En premier lieu, c’est la couleur que l’on remarque: les œuvres d’Antoine Perrot sont construites autour du concept de «ready-made color». Derrière le clin d’œil, l’hommage évident à Duchamp, pointe l’idée que la couleur elle-même constitue la matière première de l’œuvre.

Interview par Elodie Palasse-Leroux

Les couleurs, gaies et franches, sans fard ni retouches, attirent l’œil de prime abord. Ensuite, mise en forme et mise en scène intriguent ou amusent : on reconnaît les «ingrédients», des objets de tous les jours -le fameux «territoire commun» qui a donné son titre à son actuelle exposition. Des pailles en plastique alimentaire, des tampons à récurer, du carton ondulé et de la ficelle agricole, des joints de carrelage, et autres artefacts de la vie quotidienne. Antoine Perrot, lui, leur imagine une autre vie, qui les sortira de l’anonymat pour vivre le quart d’heure de célébrité warholien.

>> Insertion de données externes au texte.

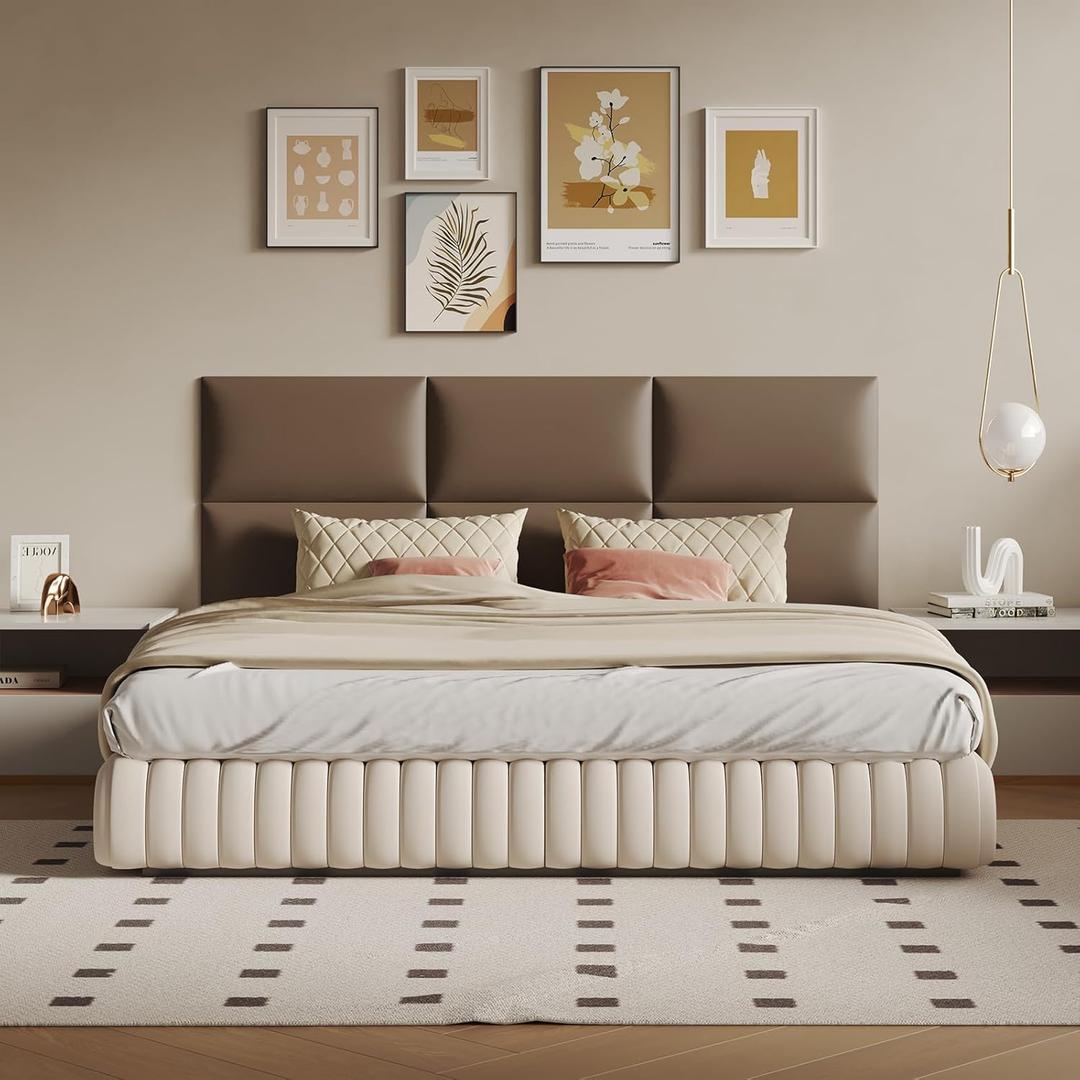 Brown Wall-Mounted Upholstered Headboard Panels, Faux Leather, 24x12 Inches, Pack of 12 DIY Soundproof Wall Padding for Full, Queen, or King Beds, Modern Wall Dcor, Easy to Clean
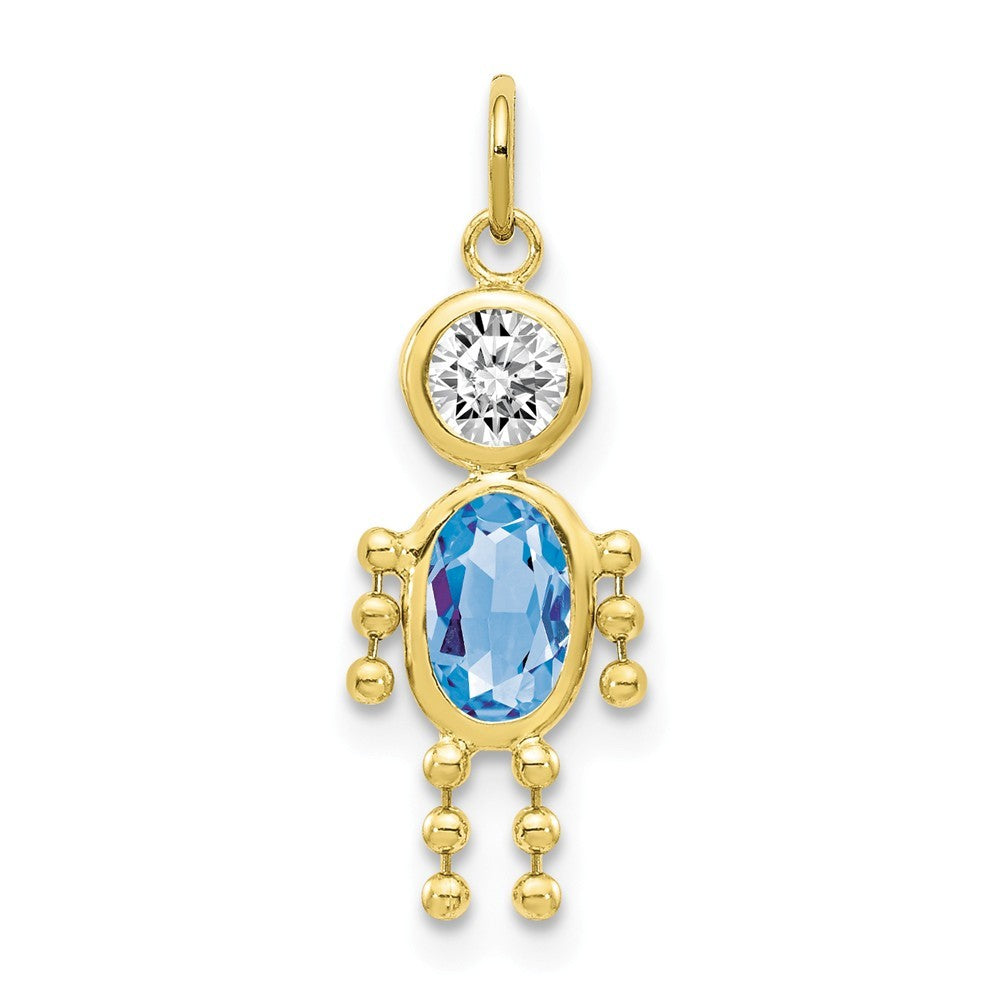 10K Yellow Gold Birthstone Charm Pendant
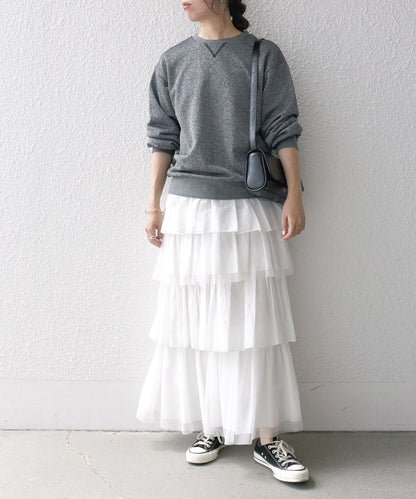 SHIPS any:〈手洗い可能〉ラメ 裏毛 クルーネック スウェット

Propos recueillis par Elodie Palasse-Leroux

Elodie Palasse-Leroux : Antoine Perrot, doit-on vous considérer comme un grand enfant, qui joue avec les matériaux et coloris droit issus de la cour de récréation? Quelle est la part de sérieux dans vos œuvres: dans les influences dont elles se nourrissent, dans les hommages rendus?
Antoine Perrot : Le propos léger n’est qu’apparent: l’ensemble de mes pièces s’inscrit dans une histoire de l’art abstrait et principalement le minimalisme. Elles conservent la rigueur des processus mis en œuvre et l’impact visuel direct, que la réalisation soit bi ou tridimensionnelle, mais elles inoculent au sein de cette rigueur une nouvelle légèreté, un caractère ludique, un brin d’humour. Ce déplacement, qui crée un nouveau regard, est engendré par les matériaux utilisés, qui ne référent pas à la peinture, mais plutôt aux classes populaires ou à des activités minorées socialement. C’est donc aussi une double revendication: une revendication picturale, la peinture dans son sens le plus large, si elle veut parler d’autre chose que d’elle-même, doit emprunter ses moyens aux matériaux contemporains ainsi qu’aux couleurs qui nous environnent; et une attitude que l’origine des matériaux et la force des couleurs employées spécifient clairement en donnant une dimension sociale à la peinture.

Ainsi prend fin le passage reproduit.